There is a strong whiff of classical tragedy about John Lee Hancock’s The Founder, a true life-inspired drama about the McDonald brothers (Nick Offerman and John Carroll Lynch) who unwisely trust entrepreneur Ray Kroc (Michael Keaton) with their revolutionary fast food enterprise and lose out in the process. On the face of it, a feature film about the origins of junk food giant McDonalds may not seem too appealing. Thanks to a strong, character-focused script by Robert Siegel (The Wrestler) and engaging performances across the board, it all turns out to be pretty riveting stuff.
It all starts with milkshake machine salesperson Ray Kroc, struggling to make sales, becoming curious as to why one small restaurant chain in California is ordering so many machines.

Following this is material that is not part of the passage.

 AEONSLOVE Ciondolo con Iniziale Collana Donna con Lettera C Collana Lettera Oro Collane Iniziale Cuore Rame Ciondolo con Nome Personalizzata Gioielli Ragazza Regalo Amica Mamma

Spontaneously driving across the continental USA to inspect their lead outlet, he finds brothers Dick (Offerman) and Mac (Lynch) have invented an all-new production line-style method for cooking burgers and fries. Wanting in on a can’t-lose proposition, Ray convinces the McDonalds to let him franchise out their operation across America.
The Founder is a story about how rapacious capitalism destroys small business. Its drama comes not from unexpected surprises, but instead their polar opposite. Everything than happens is infused with a dreadful, sickening inevitability. Dick and Mac care deeply about providing a high quality, family friendly service. Ray cares deeply about making money. As Ray’s priorities make him richer and more powerful, Dick and Mac’s consistently weaken their position until a small business they personally ran becomes a corporate empire that is dragging them in its wake. It is a story that should make its audience angry. It is supposed to make us angry.
Something I have regularly appreciated with Hancock’s films is his strong focus on characters. He is an excellent director of reality-inspired fiction, because he always centres them on realistic people who if not sympathetic are at least charismatic. The dynamic of Ray Kroc struggling with the McDonald brothers is in many ways reflective of a similar dynamic Hancock employed in Saving Mr Banks (2013). That film pitted film executive Walt Disney against Mary Poppins author Pamela Travers. Both wanted what they felt was the best for Travers’ novel, but for each success looked decidedly different. Likewise, every key player in the creation of the McDonalds empire wants what is best, but their individual ideas of success differ wildly.
If Hollywood cinema has taught its audience anything over the last century and change, it is to buy into the myth of American exceptionalism: the idea that the individual American is so innately better than the average human being that they can ultimately succeed at anything they put their mind towards. The Founder tricks us. It selects as its core protagonist not Dick and Mac McDonald but Kroc. We encounter him doggedly, and mostly unsuccessfully, trying to shift over-priced milkshake machines to small corner stores and burger joints across America. He is the archetypal and aspirational everyperson, and everything we see of Kroc in The Founder‘s opening act primes us to treat him as a hero. We know that he will succeed too, since modern-day McDonalds restaurants are everywhere. Michael Keaton’s performance is typically funny and slightly idiosyncratic too, and that immediately impresses on us to like Ray Kroc. We want to see him succeed, and get sucked into The Founder because we want to see how he does it.
As the film progresses, our sympathy rapidly shifts to the McDonalds. It is a pair of enormously strong performances, made more impressive than the actors giving them. Both Nick Offerman and John Carroll Lynch are generally regarded as comedic actors, via Parks & Recreation and Anchorman respectively. To see both of them playing a straight drama, and with such strong interplay is a delight. Other cast members include Patrick Wilson, Linda Cardellini, and Laura Dern – although Dern’s role as Kroc’s long-suffering wife feels too slight and would have benefited from some extra attention.
There is not a lot of suspense to The Founder, because we know where it ends. The film compensates for that lack of urgency with a smart screenplay, strong acting, and a slightly unusual shift in character. It is an engaging and passionate condemnation of runaway capitalism, and of preferring money and wealth over simple human dignity.